They focus on pruning first, and specifically, a famous algorithm called alpha-beta pruning. The basic idea of pruning is that if you’re smart, and keep track of the right stuff while traversing the tree, sometimes you can skip whole sections of the tree because you realize they just can’t do better than what you’ve already done. So this is pruning generally, but alpha-beta pruning is more specifically about passing the best values for max (alpha) and min (beta) down the tree, and the propagating new discoveries back up the tree.

The specifics can actually get a little confusing, so I’ll try and explain it here for my own knowledge. The first thing to note is that alpha and beta are values at each (expanded) node, not global variables. Similar to minimax, there will be a “flip flop” recursion between Maximize and Minimize. The difference here is that each time one of them is called, they’re called with an alpha and beta value. The first time, Maximize is called on the root node with alpha = -infinity and beta = +infinity. At the beginning of Maximize (everything will be the same for Minimize, but backwards), the (best node, best value) combo for that node’s expansion is set to (Null, -infinity). Then, they go through a for loop of each of the children. For each child, Minimize() is called on it, and the resulting value is gotten. If this value is better than the best value, that value becomes the new best value. So, the first time this happens, anything will be bigger than -infinity, so it will be the new best (biggest) value. Then, this best value (whether or not it got updated) is compared to beta (the one passed to Maximize). If it’s bigger, that means that Minimize will certainly choose that beta, which is worse (for Max) than the best Max can already achieve on another branch. Therefore, we can ignore the rest of that branch, and prune.

There’s also a brief section on move ordering, which is the order of the nodes you evaluate. If alpha-beta pruning potentially allows you to not have to evaluate the rest of a node’s children, if evaluation of one of them gives you alpha > beta, you can imagine that you’d want to evaluate that node first.


Alright, now for the actual project! The cool part. The goal here is to make an AI that plays 2048. There are a few constraints. You only get 0.2 second per move, so you have to cut off your search of the game tree after that time and just return what you’ve found for your best move. Additionally, typically in the minimax algorithm, you assume your opponent (if you’re Max) wants to minimize, that is, give you the worst possible move. However, in 2048, the 2 or 4 tile that’s placed each turn is random. So there’s a good chance that you could get better scores if you programmed your AI with this in mind (i.e., if you make a move where, if the computer was playing randomly as it actually does, and there’s a 1% chance it would make the move that’s worst for you, but that other 99% is great for you, that would actually be a pretty great move to make). However, the instructions say to program it as though the game is actively playing against you, giving you the worst move at each point.
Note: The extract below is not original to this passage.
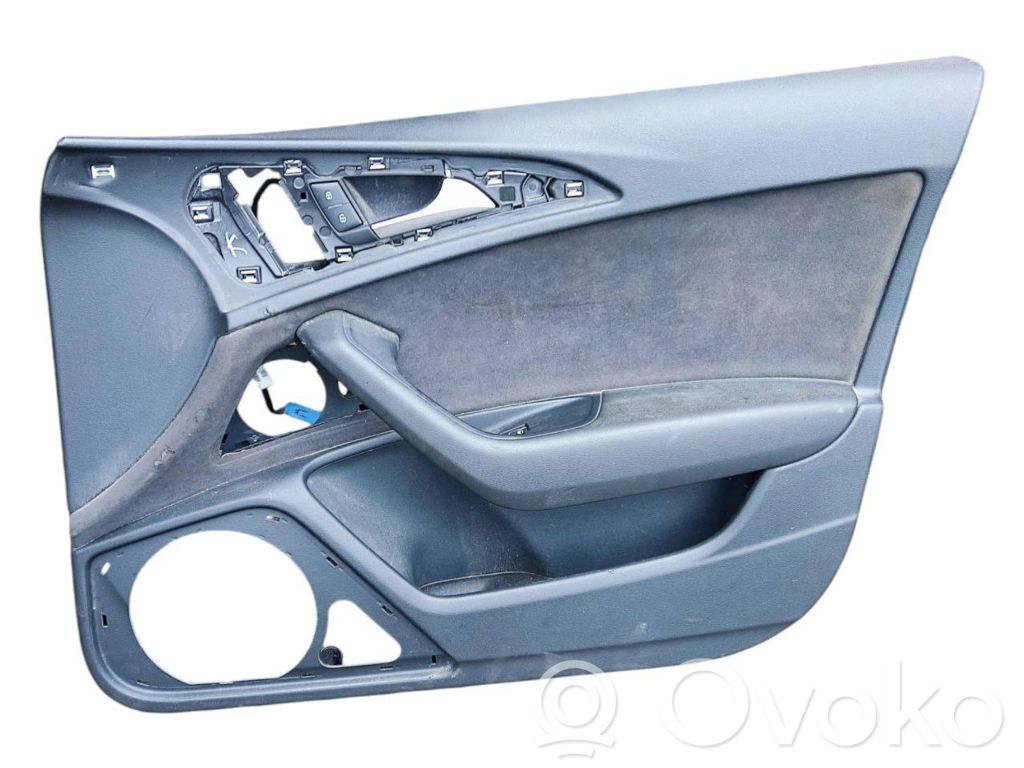 Audi A6 S6 C7 4G Rivestimento del pannello della portiera anteriore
I mentioned above what you have to do when you can’t get to a terminal mode. So far they showed you trees that seemed to assume that you could see the outcomes of Max and Min choosing their best moves, and finishing the game to completion or something. I’m not sure you even could theoretically (given infinite calculation time) get all the ending game states for 2048, because it seems possible that there are some rare branches of the tree where the game could continue indefinitely (actually, is this true? If you could also place tiles yourself, and choose the moves, could the game go on forever? I’m not sure, because it seems like as the game goes on, to get higher numbers, you need to have the lower ones that build up to them present as well, which would clog the board up (edit: actually, see below for an example of this)).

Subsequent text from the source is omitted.